According to the USPTO’s June 5 letter to Paisley Park Enterprises, Inc. – which, along with his estate, exists as the holding company for his arsenal of intellectual property rights, the trademark body took issue with the fact that Paisley Park has failed to “state how the color is applied to all the items and services” for which it is claiming rights. That is problematic since many of these uses will be different, per the USPTO, and as a result, the late musician’s company is essentially attempting to protect an array of individual trademarks by way of one application – which is not allowed.
For instance, the USPTO asserts that “it is unclear whether the packaging [for musical sound recordings, audio and video files, and motion picture films] appears completely in purple or if purple appears as a stripe down the side of an album with the remaining area in another color or if purple appears as a banner or as background on the website where the files can be downloaded.”
Similarly, the USPTO notes that when considering “entertainment services,” which Paisley Park lists as one of the classes for goods/services for which it is using the mark, the color purple might “appear on the stage during the live performances, on the lights, on the tickets, on the backstage passes, or other means,” while “the museum, recreational activities facilities, or recording studios” that are cited in the trademark application “may feature purple doors or walls or roofs.”
Since “the color purple used on ‘motion picture films featuring music and musical entertainment’ would create a different commercial impression than the color used on ‘live musical performances featuring holograms’ or ‘operating a museum and providing guided tours of the museum,’” each of these uses constitutes a single – and separate – mark, and therefore, “cannot be applied for in a single application.”

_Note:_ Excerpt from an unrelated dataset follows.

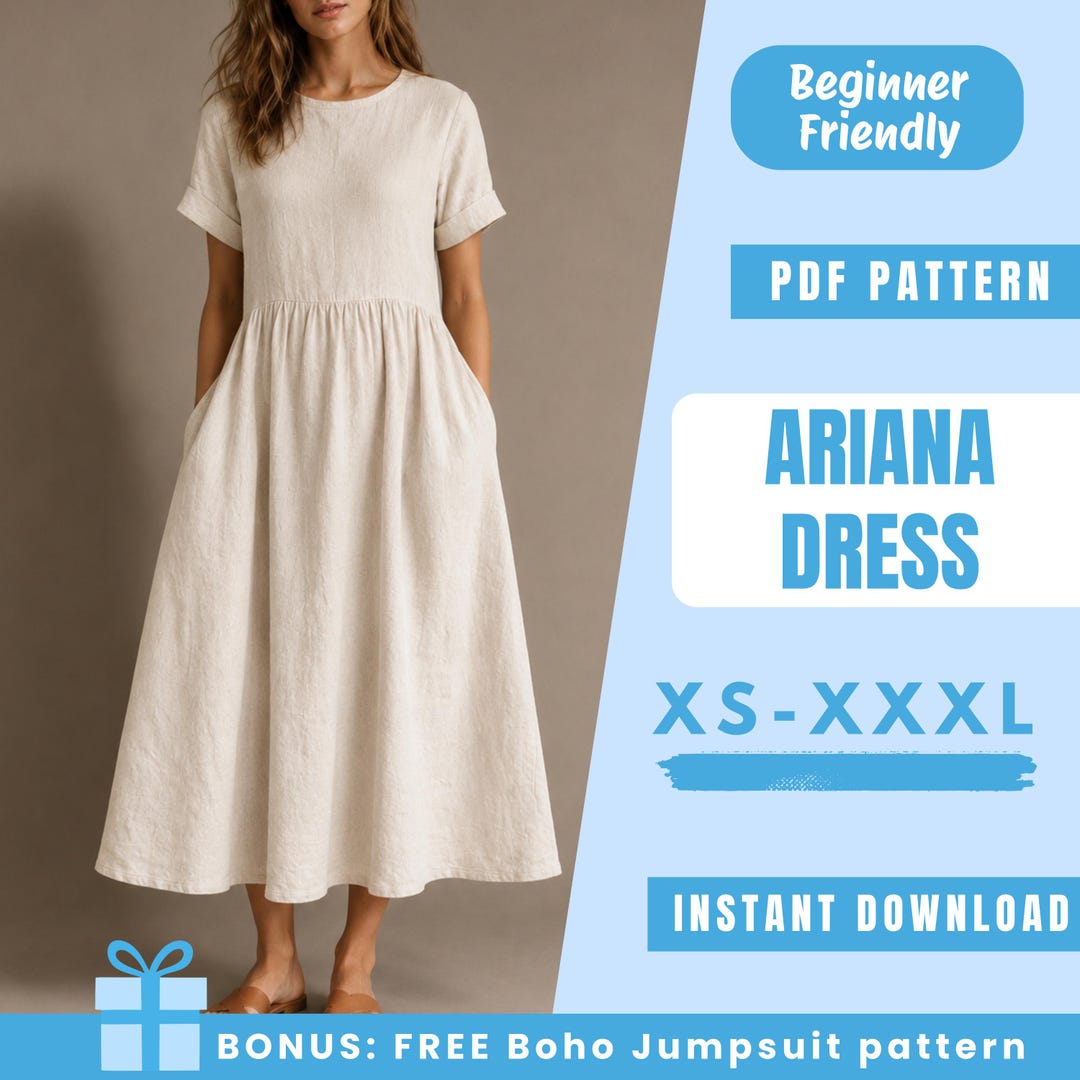 boho babydoll dress pattern Sewing PDF | Loose Fit Midi Dress Pattern | Casual Summer Dress | Easy Beginner Pattern | Women Sewing Pattern exchange or exchange files BATCH_2025-10-31-RP Summer Casual Dress, Brown Color:As Photo(Black)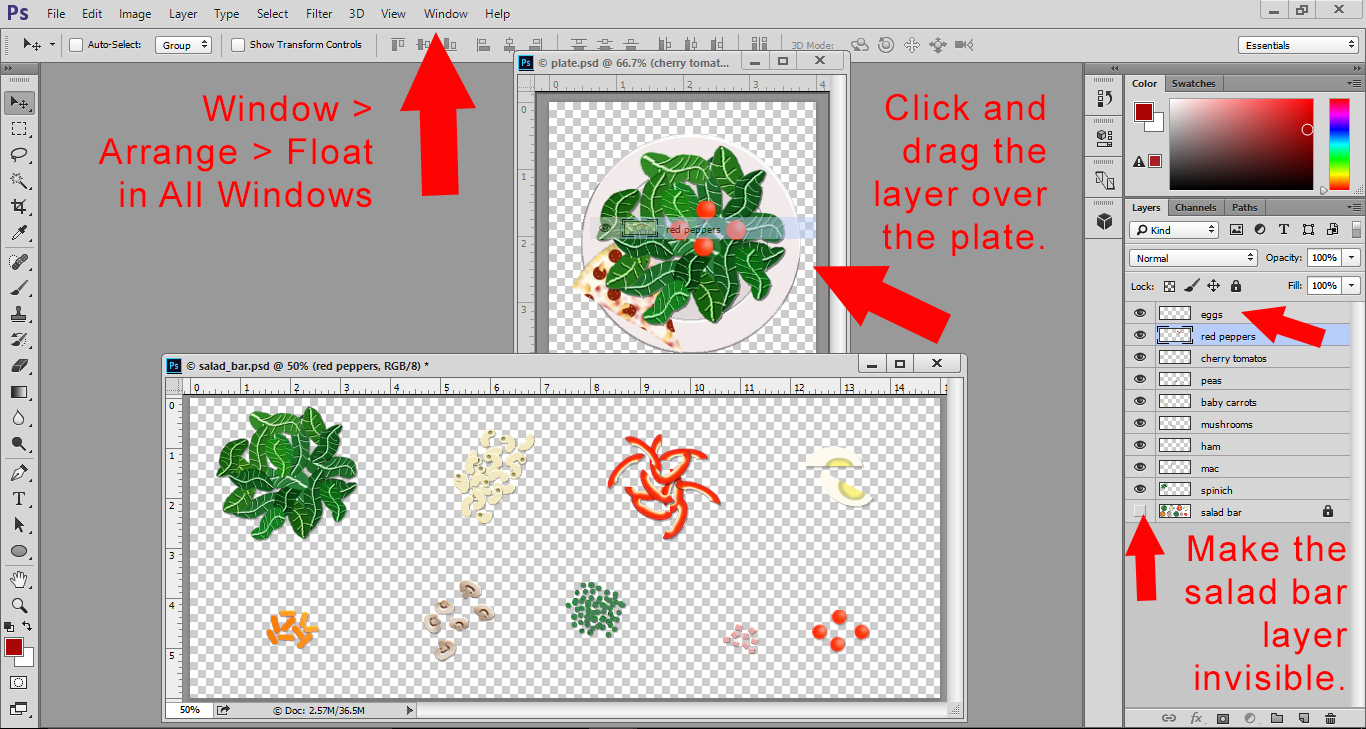 Photoshop Lesson - Float All Windows to see the Plate file and Salad Bar file. Drag salad layers overto the plate.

With that in mind, the USPTO’s examiner tells Paisley Park that it might be prudent to “divide the application into two separate applications,” one for each of the individual classes or goods/services that it claims in the application, i.e., “musical sound and video recordings” and “entertainment services.”
The latest rejection from the USPTO follows from an earlier preliminary rejection from the government entity tasked with overseeing the federal registrations of trademarks in the U.S.

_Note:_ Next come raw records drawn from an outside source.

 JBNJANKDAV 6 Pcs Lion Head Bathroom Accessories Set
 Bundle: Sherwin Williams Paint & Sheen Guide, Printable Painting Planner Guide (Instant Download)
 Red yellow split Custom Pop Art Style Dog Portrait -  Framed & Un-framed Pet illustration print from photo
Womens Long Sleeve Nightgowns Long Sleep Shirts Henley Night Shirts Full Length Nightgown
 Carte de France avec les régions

In its initial response to Paisley Park’s trademark application for registration – which was filed in October 2018, the USPTO’s examining attorney stated that while color is, in fact, protectable by trademark law in the U.S., as long as the color at issue identifies a single source of goods and/or services in the minds of consumers, the “applied-for color mark … is not [necessarily] distinctive of [Paisley Park’s] goods and services.”
To be exact, the USPTO held that the applied-for trademark “fails to function as a trademark” in large part because consumers “will not perceive the color purple as identifying [Prince’s Paisley Park venture] as the source of the goods; rather, [they] will perceive the color as a non-source identifying feature of the goods because they are accustomed to encountering … goods or packaging for these goods offered in a variety of colors, including purple.”

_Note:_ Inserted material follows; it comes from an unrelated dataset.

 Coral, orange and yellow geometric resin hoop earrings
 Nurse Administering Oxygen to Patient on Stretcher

The examining attorney pointed to album covers from Tame Impala, Danny Brown, Kanye West, Future, Chance the Rapper, ASAP Rocky, Cam’ron, and Justin Bieber, among others, as evidence “confirming that many sources of musical recordings such as those identified by [Paisley Park] are offered in purple album covers,” and stating that “where the use of color is common in a particular field or industry,” as the USPTO’s examining attorney suggests it is here, “customers are more accustomed to recognizing color as a product feature that may enhance the attractiveness of the goods.”
In response, Prince’s estate provided the USPTO with evidence demonstrating just how closely linked Prince and the color purple are. The whopping 400-plus page filing consisted of articles, social media posts (including tweets from NASA showing a “purple nebula in honor of Prince”), screenshots, such as one of Google’s adoption of a purple color scheme shortly after Prince’s death, and photos of purple-hued monuments, such as the Eiffel Tower, in April 2016. In addition to the hundreds of pages of evidence, counsel for Prince’s estate and Paisley Park asserted that the purple color mark has, in fact, “become distinctive of the goods/services” for which they are seeking registration.